*** Block opens ***
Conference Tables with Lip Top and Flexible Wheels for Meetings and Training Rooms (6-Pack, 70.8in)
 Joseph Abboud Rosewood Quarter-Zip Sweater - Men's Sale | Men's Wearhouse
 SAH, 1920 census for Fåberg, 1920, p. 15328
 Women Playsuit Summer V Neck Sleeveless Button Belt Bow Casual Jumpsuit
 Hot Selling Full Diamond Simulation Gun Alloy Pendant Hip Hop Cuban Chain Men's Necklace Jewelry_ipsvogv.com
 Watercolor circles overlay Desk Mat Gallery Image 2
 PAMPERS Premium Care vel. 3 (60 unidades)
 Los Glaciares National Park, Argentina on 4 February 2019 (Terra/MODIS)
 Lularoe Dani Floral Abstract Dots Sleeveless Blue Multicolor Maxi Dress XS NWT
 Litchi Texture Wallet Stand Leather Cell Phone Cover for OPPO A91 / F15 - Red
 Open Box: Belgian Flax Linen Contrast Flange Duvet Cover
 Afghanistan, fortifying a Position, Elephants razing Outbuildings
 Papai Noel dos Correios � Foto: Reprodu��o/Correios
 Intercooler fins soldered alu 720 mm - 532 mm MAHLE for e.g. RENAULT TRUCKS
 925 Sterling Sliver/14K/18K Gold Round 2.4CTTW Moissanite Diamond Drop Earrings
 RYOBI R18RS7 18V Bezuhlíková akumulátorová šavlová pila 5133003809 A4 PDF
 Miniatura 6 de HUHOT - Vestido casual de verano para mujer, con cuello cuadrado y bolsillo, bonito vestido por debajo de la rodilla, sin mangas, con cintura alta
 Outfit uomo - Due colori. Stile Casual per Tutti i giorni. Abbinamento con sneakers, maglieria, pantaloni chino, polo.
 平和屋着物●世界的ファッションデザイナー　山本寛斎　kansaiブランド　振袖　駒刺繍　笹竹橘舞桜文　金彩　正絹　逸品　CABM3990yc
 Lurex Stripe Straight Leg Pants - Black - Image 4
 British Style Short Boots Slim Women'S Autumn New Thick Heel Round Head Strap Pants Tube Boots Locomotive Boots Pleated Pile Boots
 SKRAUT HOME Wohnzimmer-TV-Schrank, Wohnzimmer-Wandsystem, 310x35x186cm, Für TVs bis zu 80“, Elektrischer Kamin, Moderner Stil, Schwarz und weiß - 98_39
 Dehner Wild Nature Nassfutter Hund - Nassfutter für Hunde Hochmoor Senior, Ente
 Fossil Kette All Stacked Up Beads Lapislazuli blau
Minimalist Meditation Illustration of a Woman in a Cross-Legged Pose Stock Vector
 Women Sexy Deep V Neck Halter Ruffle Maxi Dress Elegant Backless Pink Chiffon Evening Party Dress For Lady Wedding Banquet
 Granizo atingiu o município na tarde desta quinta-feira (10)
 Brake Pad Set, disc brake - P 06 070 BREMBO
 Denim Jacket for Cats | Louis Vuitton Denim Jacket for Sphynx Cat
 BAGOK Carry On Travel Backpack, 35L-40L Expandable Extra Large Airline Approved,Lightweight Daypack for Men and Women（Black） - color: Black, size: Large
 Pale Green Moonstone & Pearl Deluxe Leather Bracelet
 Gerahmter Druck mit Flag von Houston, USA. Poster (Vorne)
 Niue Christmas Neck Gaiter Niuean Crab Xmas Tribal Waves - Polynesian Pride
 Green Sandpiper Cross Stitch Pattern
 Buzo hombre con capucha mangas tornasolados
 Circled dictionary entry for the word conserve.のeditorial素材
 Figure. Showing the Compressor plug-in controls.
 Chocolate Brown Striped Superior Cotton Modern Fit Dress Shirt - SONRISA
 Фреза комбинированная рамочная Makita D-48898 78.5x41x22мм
*** Block closes ***
Only the lines from the start of the material through the line containing "Open Box: Belgian" should be repeated, and they should be repeated exactly.

Conference Tables with Lip Top and Flexible Wheels for Meetings and Training Rooms (6-Pack, 70.8in)
 Joseph Abboud Rosewood Quarter-Zip Sweater - Men's Sale | Men's Wearhouse
 SAH, 1920 census for Fåberg, 1920, p. 15328
 Women Playsuit Summer V Neck Sleeveless Button Belt Bow Casual Jumpsuit
 Hot Selling Full Diamond Simulation Gun Alloy Pendant Hip Hop Cuban Chain Men's Necklace Jewelry_ipsvogv.com
 Watercolor circles overlay Desk Mat Gallery Image 2
 PAMPERS Premium Care vel. 3 (60 unidades)
 Los Glaciares National Park, Argentina on 4 February 2019 (Terra/MODIS)
 Lularoe Dani Floral Abstract Dots Sleeveless Blue Multicolor Maxi Dress XS NWT
 Litchi Texture Wallet Stand Leather Cell Phone Cover for OPPO A91 / F15 - Red
 Open Box: Belgian Flax Linen Contrast Flange Duvet Cover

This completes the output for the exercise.